IN RE: Richard FELICIANO, Petitioner, v. Donald SELSKY, as Director of Special Housing/Inmate Disciplinary Program, Respondent.

Decided: July 22, 1999

Before:  MERCURE, J.P., CREW III, YESAWICH JR., SPAIN and CARPINELLO, JJ. Richard Feliciano, Ogdensburg, petitioner in person. Eliot Spitzer, Attorney-General (Laura Etlinger of counsel), Albany, for respondent.

Proceeding pursuant to CPLR article 78 (transferred to this court by order of the Supreme Court, entered in Albany County) to review a determination of the Commissioner of Correctional Services which found petitioner guilty of violating a prison disciplinary rule.

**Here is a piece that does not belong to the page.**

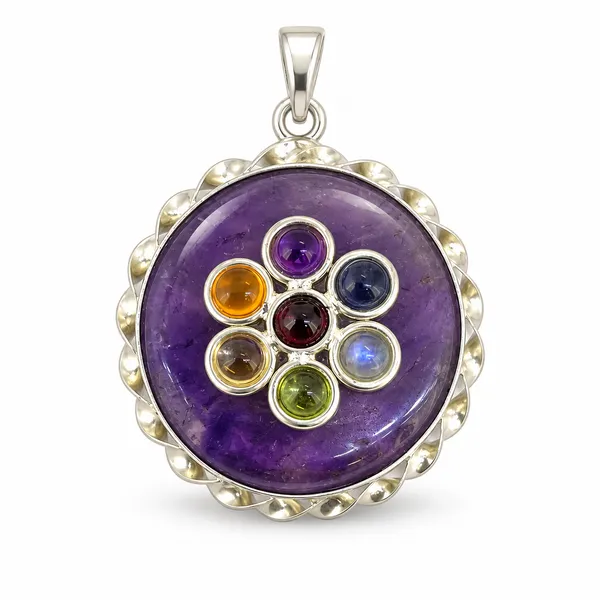 7_Chakra_Amethyst_Pendant_in_Silver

Following a tier III disciplinary hearing, petitioner, a prison inmate, was found guilty of violating the prison disciplinary rule which prohibits inmates from possessing unauthorized organizational insignia or materials.   According to the misbehavior report, a search of petitioner's cell produced a drawing which depicted gang-related symbols and slogans.   Petitioner admitted possessing the drawing but stated that he borrowed it from another inmate and had no idea of its significance.   Petitioner's guilt was affirmed upon his administrative appeal and he thereafter commenced this CPLR article 78 proceeding to challenge the determination.   We confirm.

Initially, we find that the misbehavior report, combined with the evidence relied upon by the Hearing Officer, i.e., petitioner's own admissions and the testimony of the reporting correction officer and another correction officer who had received special training with respect to prison gangs, provide substantial evidence of his guilt (see, Matter of Foster v. Coughlin, 76 N.Y.2d 964, 966, 563 N.Y.S.2d 728, 565 N.E.2d 477).   Although petitioner claimed to be unaware that possession of this type of drawing was prohibited, this “does not absolve him from guilt” (Matter of Jenkins v. Senkowski, 221 A.D.2d 779, 634 N.Y.S.2d 224).   The remaining arguments raised in petitioner's brief, including his challenge to the sufficiency of the misbehavior report and his claim of Hearing Officer bias, have been waived due to his failure to object at the hearing.   Were these contentions properly before us, we would find them to be unsupported by the record.

ADJUDGED that the determination is confirmed, without costs, and petition dismissed.